_DATA PROVIDED:_
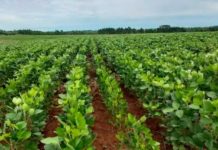 Crecen pedidos por diésel para encarar cosecha de verano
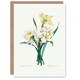 image 1 of Pierre-Joseph Redouté Art Card Daffodil Vintage Floral Illustration
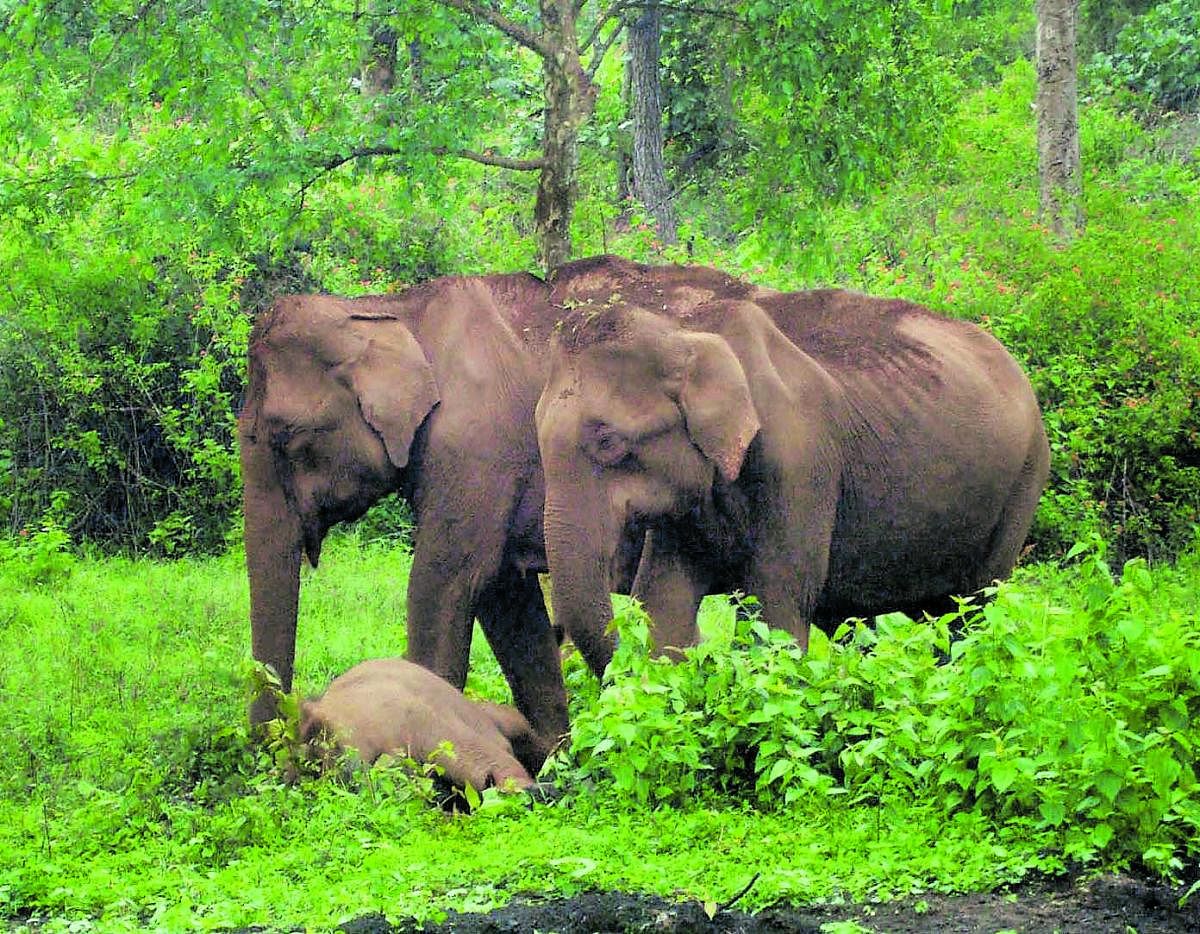 Stray wild elephants seen in the coffee plantations in Kodagu.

_THE TASK:_
Every line of the data should be copied as it stands, without the images.

_ANSWER FOR THIS EXERCISE:_
 Crecen pedidos por diésel para encarar cosecha de verano
 image 1 of Pierre-Joseph Redouté Art Card Daffodil Vintage Floral Illustration
 Stray wild elephants seen in the coffee plantations in Kodagu.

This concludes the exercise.